In San Rafael del Sur wurde das Problem sexualisierter Gewalt gegenüber Frauen und Minderjährigen erstmals 2009 im Rahmen des FOMEDUSA-Projekts zur Förderung der Gesundheit von Frauen und Kindern aufgegriffen. Im Rahmen des FOMEDUSA-Projekts wurde neben den Themenkomplexen der Familienplanung, der Schwangerschaftsberatung und der Vermeidung von HIV/AIDS und anderen Geschlechtskrankheiten auch das Phänomen verbreiteter sexualisierter Gewalt zur Sprache gebracht, um das bestehende Tabu in der öffentlichen Diskussion zu durchbrechen.

 

Das Projekt

In San Rafael del Sur wurde das Problem sexualisierter Gewalt gegenüber Frauen und Minderjährigen erstmals 2009 im Rahmen des FOMEDUSA-Projekts zur Förderung der Gesundheit von Frauen und Kindern aufgegriffen. Im Rahmen des FOMEDUSA-Projekts wurde neben den Themenkomplexen der Familienplanung, der Schwangerschaftsberatung und der Vermeidung von HIV/AIDS und anderen Geschlechtskrankheiten auch das Phänomen verbreiteter sexualisierter Gewalt zur Sprache gebracht, um das bestehende Tabu in der öffentlichen Diskussion zu durchbrechen. Die genauen Maßnahmen sind unter dem Stichpunkt FOMEDUSA nachzulesen.

 

Alle Aktionen beschränkten sich allerdings auf den städtischen Sektor. Die öffentliche Resonanz war erheblich und hat die mit diesem Thema befassten Organisationen zu dem Entschluss ermutigt, ihre Aktivitäten stärker zu koordinieren und auszuweiten. Denn noch wichtiger als im städtischen Bereich ist eine entsprechende Aufklärungsarbeit in den ländlichen Gebieten von San Rafael del Sur und Villa El Carmen. Hier ist der traditionelle Machismus mit seinen negativen Folgen tief verwurzelt. Dies wird insbesondere an der großen Anzahl von Schwangeren unter 18 Jahren deutlich, welche die für die Gesamtheit der Region gültige Quote von minderjährigen Schwangeren (25%) in den ländlichen Gebieten deutlich übertrifft (ca. 40%);  in einzelnen Fällen haben auch 12 – 13jährige bereits eigene Kinder. Der dahinterstehende Missbrauch wird jedoch nicht thematisiert.

 

Die mit dem Thema befassten Organisationen haben sich daher mit einem entsprechend skizzierten Projektvorschlag, die mit dem FOMEDUSA-Projekt begonnene Aufklärungsarbeit schwerpunktmäßig auf die ländlichen Gebiete auszuweiten, an CEDRU und den Verein gewandt, dem wir mit der siebenmonatigen Kampagne zur Ächtung sexueller Gewalt gegenüber Frauen und Kindern in San Rafael del Sur nachgekommen sind.

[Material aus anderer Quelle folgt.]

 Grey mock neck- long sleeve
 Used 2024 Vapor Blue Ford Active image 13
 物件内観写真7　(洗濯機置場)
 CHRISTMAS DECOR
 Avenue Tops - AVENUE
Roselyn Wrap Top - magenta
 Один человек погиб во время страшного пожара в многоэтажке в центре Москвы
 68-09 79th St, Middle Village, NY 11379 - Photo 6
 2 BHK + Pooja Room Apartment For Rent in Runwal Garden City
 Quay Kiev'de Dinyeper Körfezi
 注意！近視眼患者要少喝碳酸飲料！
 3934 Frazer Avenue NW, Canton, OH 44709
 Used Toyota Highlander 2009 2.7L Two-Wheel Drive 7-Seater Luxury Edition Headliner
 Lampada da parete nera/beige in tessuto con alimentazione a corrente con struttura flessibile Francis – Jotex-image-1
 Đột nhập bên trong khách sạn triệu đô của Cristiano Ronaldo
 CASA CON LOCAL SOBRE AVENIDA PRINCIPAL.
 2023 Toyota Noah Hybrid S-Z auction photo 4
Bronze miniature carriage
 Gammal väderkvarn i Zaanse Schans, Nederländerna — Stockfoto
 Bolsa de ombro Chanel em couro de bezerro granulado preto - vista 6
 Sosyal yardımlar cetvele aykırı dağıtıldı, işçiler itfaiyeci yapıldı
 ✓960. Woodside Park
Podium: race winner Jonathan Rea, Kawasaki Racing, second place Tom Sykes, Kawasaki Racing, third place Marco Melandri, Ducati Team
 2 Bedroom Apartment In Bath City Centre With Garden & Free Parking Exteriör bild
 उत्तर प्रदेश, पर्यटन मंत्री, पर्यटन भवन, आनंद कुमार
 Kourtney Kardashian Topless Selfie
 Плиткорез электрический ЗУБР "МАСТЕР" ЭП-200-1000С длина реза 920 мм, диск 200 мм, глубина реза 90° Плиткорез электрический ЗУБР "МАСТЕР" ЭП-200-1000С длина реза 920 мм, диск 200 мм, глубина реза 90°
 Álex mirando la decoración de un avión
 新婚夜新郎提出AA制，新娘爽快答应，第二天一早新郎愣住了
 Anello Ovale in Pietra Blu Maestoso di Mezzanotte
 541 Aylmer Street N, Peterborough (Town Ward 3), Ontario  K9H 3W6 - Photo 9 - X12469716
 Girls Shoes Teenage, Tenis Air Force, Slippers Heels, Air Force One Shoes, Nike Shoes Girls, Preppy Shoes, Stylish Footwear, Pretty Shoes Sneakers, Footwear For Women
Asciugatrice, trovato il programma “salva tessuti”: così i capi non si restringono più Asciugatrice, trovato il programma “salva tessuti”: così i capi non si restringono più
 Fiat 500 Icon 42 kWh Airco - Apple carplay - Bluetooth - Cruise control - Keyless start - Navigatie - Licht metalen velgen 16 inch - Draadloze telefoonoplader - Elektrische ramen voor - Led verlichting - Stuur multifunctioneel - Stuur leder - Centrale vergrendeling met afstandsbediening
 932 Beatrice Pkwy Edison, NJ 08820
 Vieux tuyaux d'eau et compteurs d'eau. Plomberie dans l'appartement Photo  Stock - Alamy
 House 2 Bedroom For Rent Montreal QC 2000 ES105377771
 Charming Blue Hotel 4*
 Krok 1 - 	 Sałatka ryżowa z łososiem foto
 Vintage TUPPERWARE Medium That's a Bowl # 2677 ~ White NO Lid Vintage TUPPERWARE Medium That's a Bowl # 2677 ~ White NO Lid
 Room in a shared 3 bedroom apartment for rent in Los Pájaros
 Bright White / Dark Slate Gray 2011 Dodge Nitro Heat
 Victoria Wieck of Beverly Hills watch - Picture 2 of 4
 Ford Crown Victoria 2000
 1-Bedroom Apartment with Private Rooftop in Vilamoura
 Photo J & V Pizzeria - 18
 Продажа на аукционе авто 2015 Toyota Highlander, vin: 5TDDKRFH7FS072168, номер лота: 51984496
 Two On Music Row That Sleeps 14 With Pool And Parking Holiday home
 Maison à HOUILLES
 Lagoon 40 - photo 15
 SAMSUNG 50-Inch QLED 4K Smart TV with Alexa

Dass auch der nicaraguanische Staat die Bedeutung des Themas für die gesellschaftliche Entwicklung erkannt hat, kommt in der Einrichtung eines Sonderkommissariats für Frauen und Kinder zum Ausdruck, das im August 2009 in San Rafael del Sur eingerichtet wurde und ausschließlich für Fälle sexualisierter Gewalt zuständig ist. Das Kommissariat soll Opfern sexualisierter Gewalt als geschützter Raum für Anzeigen und juristische und psychische Beratung zur Verfügung stehen und ist als selbständige Institution nicht der lokalen Polizeistruktur untergeordnet. Das gesamte Personal ist weiblich, neben einigen wenigen polizeilichen Einsatzkräften ist das Kommissariat auch mit einer Juristin, einer Sozialarbeiterin und einer Psychologin besetzt. Das Konzept der Arbeit ist auf Öffentlichkeitsarbeit, Prävention, Schutz vor Gewalt und Missbrauch, Unterstützung der Opfer sowie Strafverfolgung ausgerichtet.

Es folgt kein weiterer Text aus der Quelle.